Vergangenheit ist unerbittlich. Nicht umsonst ziehen viele Menschen fort von den Orten, an denen sie aufgewachsen sind. Mit jedem Kilometer, den sie zwischen sich und ihre Kinderjahre bringen, wächst der Grad der wohlgesonnenen Erinnerung an das Damals — jedoch nur, weil ihnen diese Momentaufnahmen nicht mehr wie Gefühlspolaroids vom Kühlschrank des Verschuldethabens entgegenstarren, sie die Orte nicht mehr fühlen müssen; Orte wie die Straßenecke dort vorne, an der ich damals bemerkte, dass man mir den fein zusammengefalteten Hundert-Mark-Schein für den Schulausflug gestohlen hatte, und ich wusste, meine Mutter würde mir nicht glauben, weil ich doch letztens erst heimlich Münzen aus der Spardose meines Vaters genommen hatte, um mir einen Lamy-Füller, der mit der feinen Schreibspitze, zu kaufen.

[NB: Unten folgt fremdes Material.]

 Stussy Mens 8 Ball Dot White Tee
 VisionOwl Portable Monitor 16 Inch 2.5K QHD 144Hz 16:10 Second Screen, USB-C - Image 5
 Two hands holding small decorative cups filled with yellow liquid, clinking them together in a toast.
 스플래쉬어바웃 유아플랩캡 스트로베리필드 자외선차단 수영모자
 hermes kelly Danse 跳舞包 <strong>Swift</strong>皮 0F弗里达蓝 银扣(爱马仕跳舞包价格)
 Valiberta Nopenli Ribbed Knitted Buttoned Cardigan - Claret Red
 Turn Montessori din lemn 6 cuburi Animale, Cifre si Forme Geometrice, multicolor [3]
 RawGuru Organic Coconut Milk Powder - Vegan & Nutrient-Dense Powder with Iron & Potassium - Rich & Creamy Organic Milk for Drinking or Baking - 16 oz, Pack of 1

Schuld und Scham wohnen nicht im Kopf, sondern im Bauch. Diese Orte, diese Momente, dieses Damals, in dem alles anders wurde, bleibt in uns, ein Leben lang. Es atmet und wächst, und am Ende bezahlt man Jahrzehnte später noch für die Münzen, die man genommen hat; für die Einsamkeit im Blick der Mutter, als der Vater sie des Stehlens bezichtigte und sie nichts sagte. Aus Liebe oder Enttäuschung oder nackter, ratloser Sprachlosigkeit.

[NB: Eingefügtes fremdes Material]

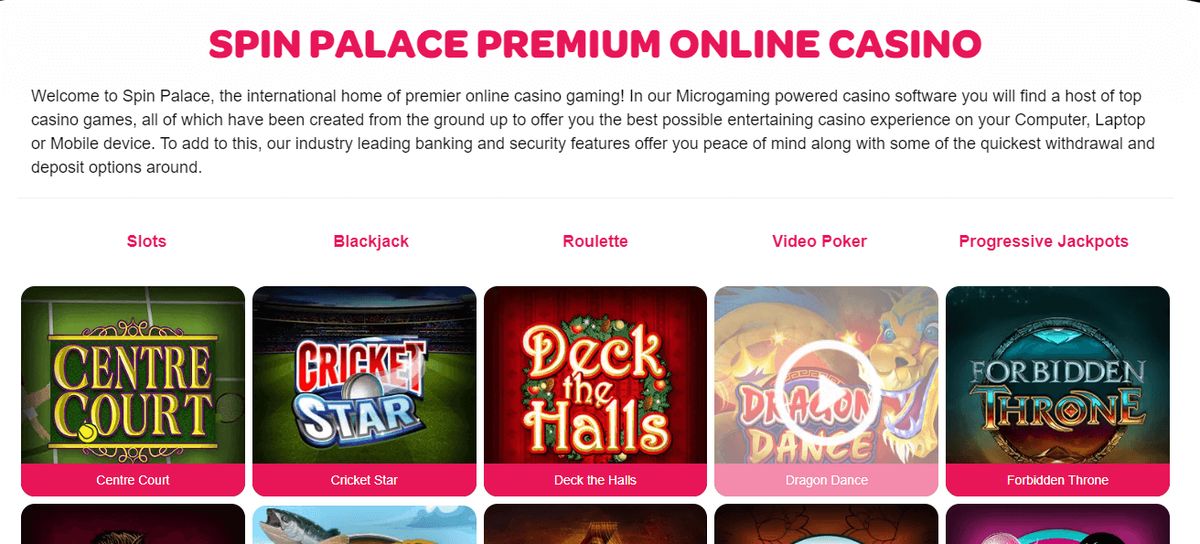 Spin Palace Casino: screenshot of the casino site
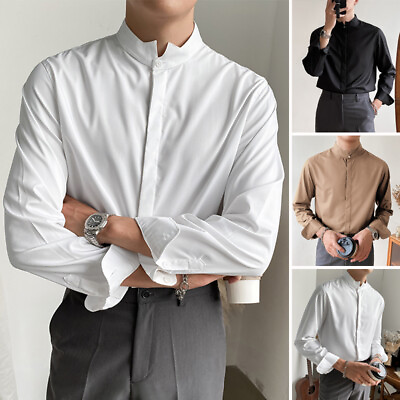 #ad Mens Long Sleeve Formal Shirt Collarless Button Up Blouse Office Smart Shirt Top $17.76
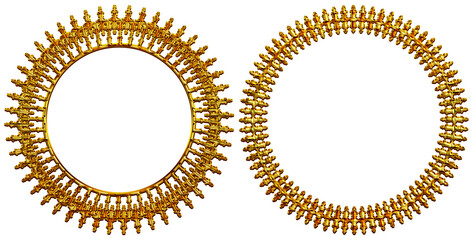 gold frame with gold ornament, This image features two intricately designed golden circular ornaments that resemble traditional Indian jewelry, possibly temple-style bangles or chokers. The 3D-rendere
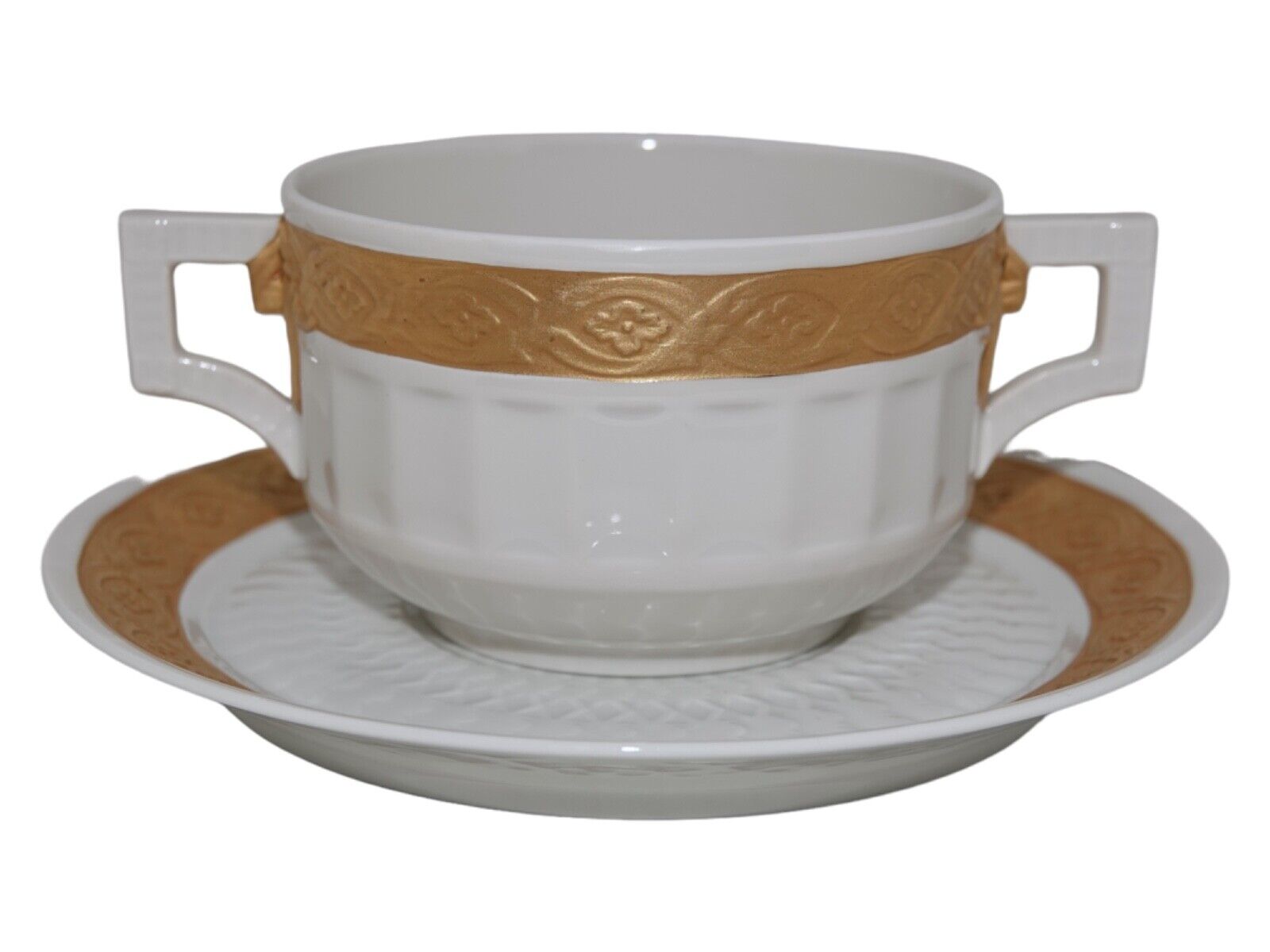 Royal Copenhagen Gold Fan large soup cup with matching saucer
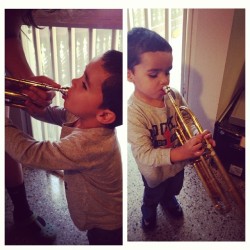 Cosita rica! 😍 #baby #boy #trumpet #music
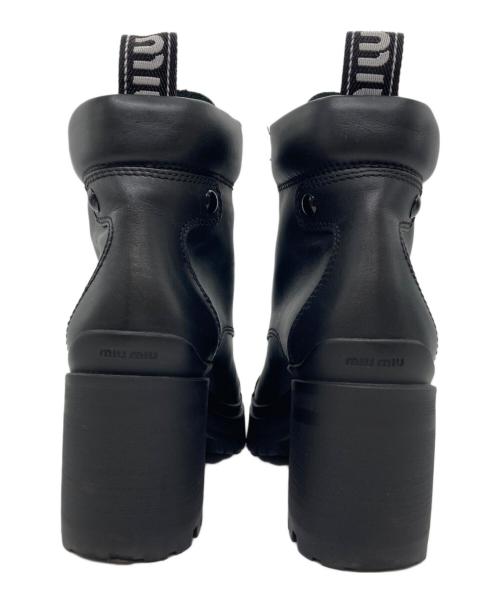 MIU MIU（ミュウミュウ）MIU MIU (ミュウミュウ) レザーアンクルブーツ ブラック サイズ:37の古着・服飾アイテム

Es gibt da diese Bushaltestelle, von der aus man die Stelle am Bordstein sieht, an der ein Kind, meine Kindergartenfreundin, in diesem Damals unter einen Lastwagen geriet, irgendwie. Es ist, objektiv betrachtet, eine Bordsteinkante wie tausende andere, und doch ist einzig und allein sie gleichzeitig auch die Stimme der Mutter dieses Mädchens, das heute so alt wäre wie ich und vielleicht noch immer so schönes blondes Haar hätte; eine Stimme, die nichts mehr erschüttern kann, weil sie damals zu Boden ging und seitdem nicht mehr aufgestanden ist, eine Stimme, die mir Angst macht, aufzuschauen, weil sie mit jedem Wort auf diesen Ort zeigt und sagt: Damals, in jenem anderen Leben, hatte ich eine kleine Tochter, doch plötzlich war sie nicht mehr da; eine Stimme, die besser als alle anderen weiß, wie schrecklich Whiskey und Zigaretten schmecken; eine Stimme, die immer kurz verstummt, wenn ich an der Kasse vor ihr stehe, die mich dann von allen Seiten abtastet und durchdringt und mich zwingt, ihr den Rücken zuzudrehen, immer, sicherheitshalber, damit sie diesen Ort, der sich in mir auftut wie ein Abgrund, nicht sehen kann, damit sie nicht merkt, wie sich etwas in mir dafür schämt, noch am Leben zu sein; damit ich nicht sehen muss, wie die Erinnerung an dieses Kind, dessen Namen ich einfach vergessen habe und das doch so oft meine Hand hielt, zu dieser Mutter kommt: die Erinnerung an das, wie alles hätte sein können, in diesem anderen Leben.